Here is your robot file that acts like the actual state machine and determines how you transition to the next state based off of outputs from the previous state.

#!/usr/bin/env python

from __future__ import print_function, division
from states import StateArray
from pycreate2 import Create2    # Roomba driver
from nxp_imu import IMU          # imu driver
from time import sleep

class MyRobot(object):
    """
    This is a super simple class to hold things together.

    Unfortunately you are not trained like the rest of the world to
    program with classes, so I want to keep this simple. However, if
    you have any talent, then please try to do this properly. In 1993
    at Univ of Florida we spent half of the semester in our C++ class
    learning Object Oriented Programming (OOP). If you took the data
    structures class, then you learned Java ... all class based.
    """
    bot = None
    camera = None
    imu = None

    def __init__(self, port):
        # this function is automatically run when I call MyRobot()
        # It sets up everything I need
        self.bot = Create2(port)

    def __del__(self):
        # this function is automatically called when MyRobot() goes
        # out of scope or the program is ended
        self.bot.safe()
        self.bot.close()
        self.camera.close()
        self.imu.close()

if __name__ == "__main__":
    port = "/dev/ttyUSB0"  # serial port path, change as appropriate for your robot
    robot = MyRobot(port)
    current_state = 'STATE_START'

    try:
        while True:
            current_state = StateArray[current_state](robot)
            sleep(0.1)  # run this loop at 10 Hz forever or until Ctrl-C is pressed
    except KeyboardInterrupt:
        print('User hit Ctrl-C, robot shutting down\n\nBye ...')
        # depending on how you program things, you might have to tell the robot
        # to stop

Now, for whatever reason, I broke up my state function into one python file (like a library) and my actual run-time loop into another. You don't have to do that. I try to keep things organized and as stuff gets more complex, I break them out into different files so I don't have just one python file with 1000 lines of code in it.

Obstacle Avoidance

Ok, so you did some obstacle avoidance in ECE 382. Depending on how well you did (or how much help you got from your friends) you maybe made it through the maze. Basically, we will start there.

The block Turn seems simple ... yes it is. We are starting simple. Later when we do path planning, this could be much more complex (you will see). Think how complex it would be if we were using quadcopters and we detected an obstacle in 3D space as opposed to our Roomba who lives on a 2D floor. Remember, we are starting simple like ECE382 robot maze.

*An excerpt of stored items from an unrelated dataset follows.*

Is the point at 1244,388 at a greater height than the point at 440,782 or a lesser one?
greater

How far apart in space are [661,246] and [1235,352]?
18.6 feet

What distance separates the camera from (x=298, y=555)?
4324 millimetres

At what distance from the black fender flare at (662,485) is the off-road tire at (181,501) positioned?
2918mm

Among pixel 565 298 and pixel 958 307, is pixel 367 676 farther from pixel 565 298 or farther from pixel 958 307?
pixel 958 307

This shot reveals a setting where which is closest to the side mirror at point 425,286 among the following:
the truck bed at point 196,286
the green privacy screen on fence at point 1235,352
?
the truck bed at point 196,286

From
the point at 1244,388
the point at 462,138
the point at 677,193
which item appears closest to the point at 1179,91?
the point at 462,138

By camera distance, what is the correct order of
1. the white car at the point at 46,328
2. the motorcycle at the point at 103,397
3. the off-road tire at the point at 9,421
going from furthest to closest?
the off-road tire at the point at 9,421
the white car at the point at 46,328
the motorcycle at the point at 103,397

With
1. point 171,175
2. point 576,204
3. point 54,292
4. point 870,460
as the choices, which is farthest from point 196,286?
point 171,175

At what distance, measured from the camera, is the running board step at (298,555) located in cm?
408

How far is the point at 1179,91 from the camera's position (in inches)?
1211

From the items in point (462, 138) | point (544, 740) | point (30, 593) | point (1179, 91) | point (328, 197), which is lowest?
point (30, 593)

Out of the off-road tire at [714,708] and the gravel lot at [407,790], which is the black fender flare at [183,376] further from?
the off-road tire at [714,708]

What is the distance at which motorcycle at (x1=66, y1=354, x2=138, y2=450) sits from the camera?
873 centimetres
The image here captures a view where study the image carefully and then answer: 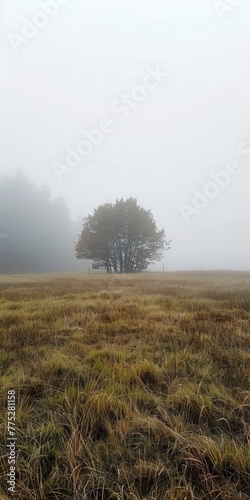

  • How could you improve this?
  • How long should we sleep for?
    • What effects the number we pick?
  • Is sleep the best way?
    • Does our robot do anything while we sleep? hint: this is a trick question

Exercise

  1. Turn on and login to your roomba and see if you can drive it around. The pycreate library has some simple examples for you to follow.
    • If you do play with the Roomba, please:
      • put it back on the charger properly
      • shutdown the RPi properly
      • turn off the RPi's battery pack

Questions

  1. What is ROS?
    1. What are some of the pros/cons associated with it?
  2. What is the difference between processes and threads
  3. What is different between C/C++ threads and Python threads?
  4. If you had to write a simple robot architecture (maybe on a GR) based off of what we talked about in this class. What would you write? Make sure it has the following states:
    1. Start
    2. Wander
    3. Avoid
    4. Stop
  5. Looking at the pycreate reference link above, what type of sensors are available for you to access?